Directions for this task: Which lines run from the one with "Babka Jajowata Łuska Mielona 1 kg - Planteon" through the end of the data? Retype them exactly, without pictures.

Data segment:
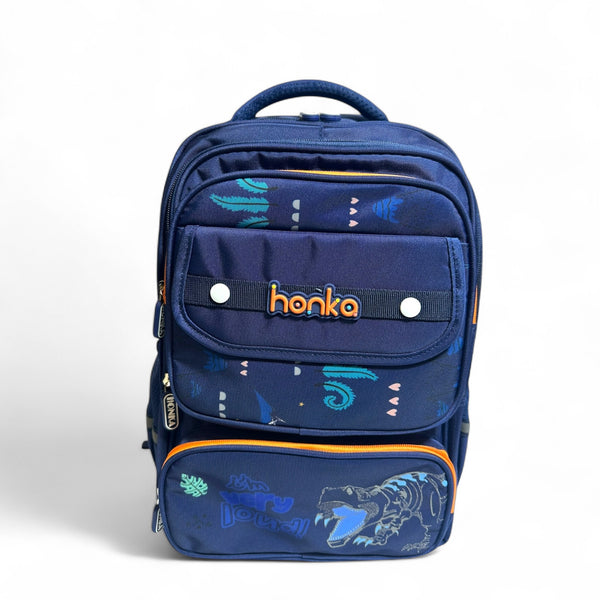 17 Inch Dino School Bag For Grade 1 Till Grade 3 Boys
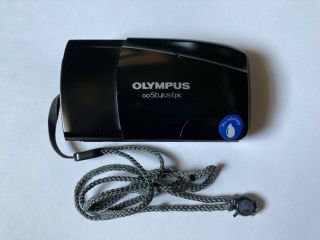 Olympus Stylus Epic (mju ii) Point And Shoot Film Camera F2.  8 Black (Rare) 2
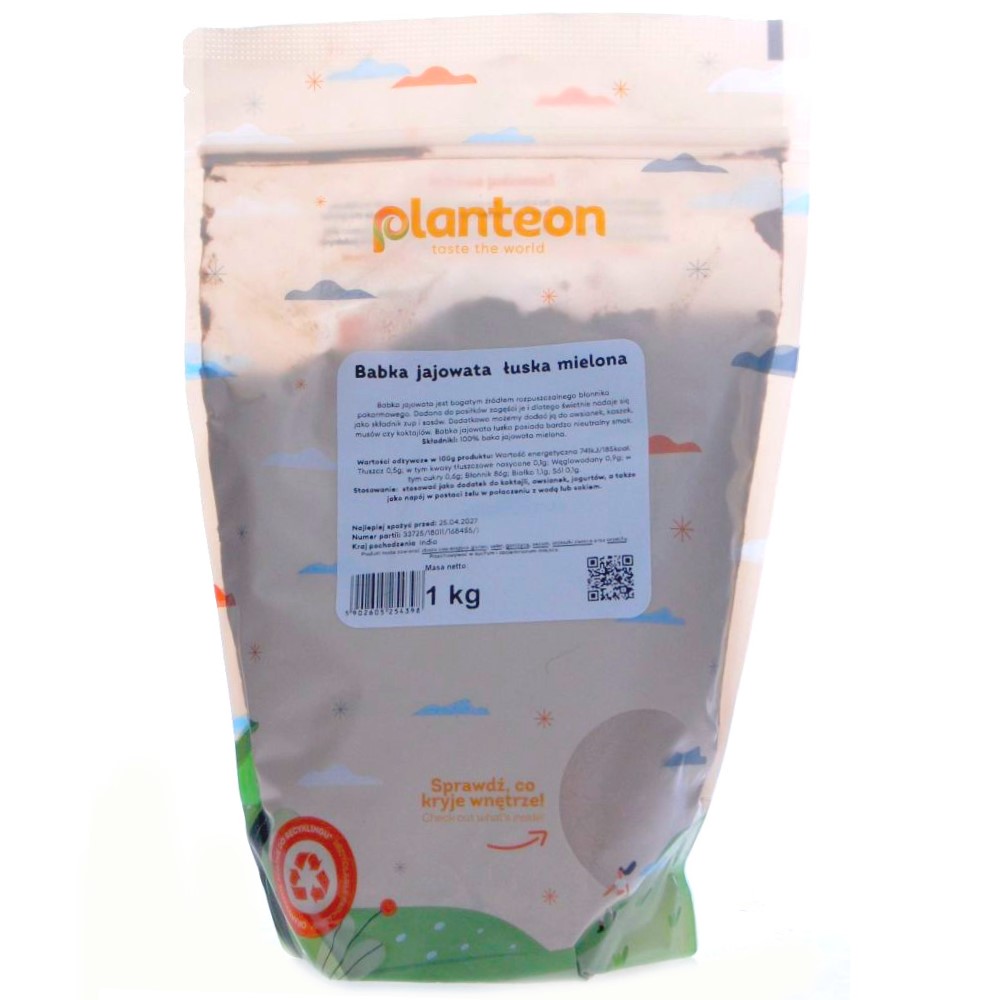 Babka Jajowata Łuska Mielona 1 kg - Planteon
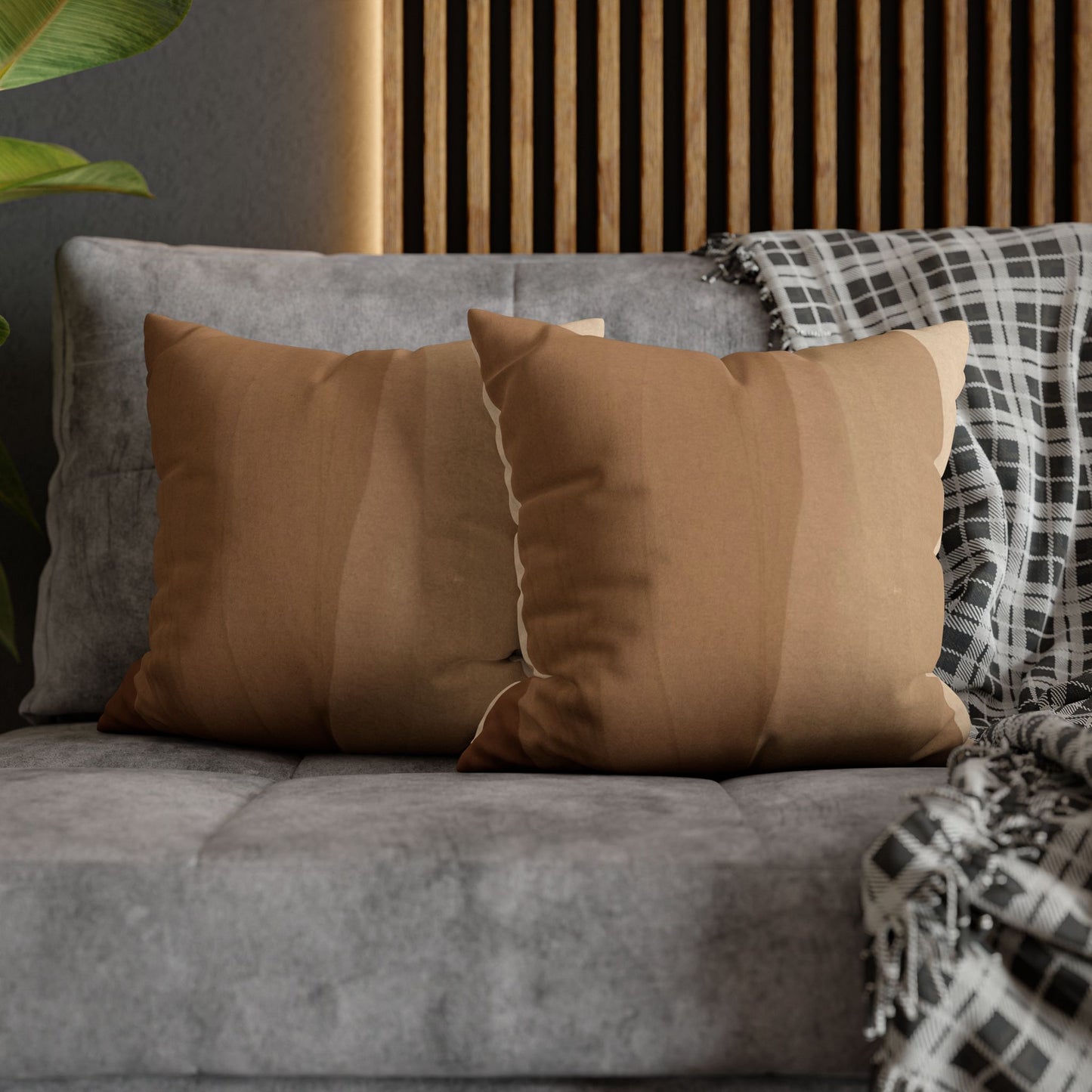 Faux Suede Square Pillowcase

Completed task:
 Babka Jajowata Łuska Mielona 1 kg - Planteon
 Faux Suede Square Pillowcase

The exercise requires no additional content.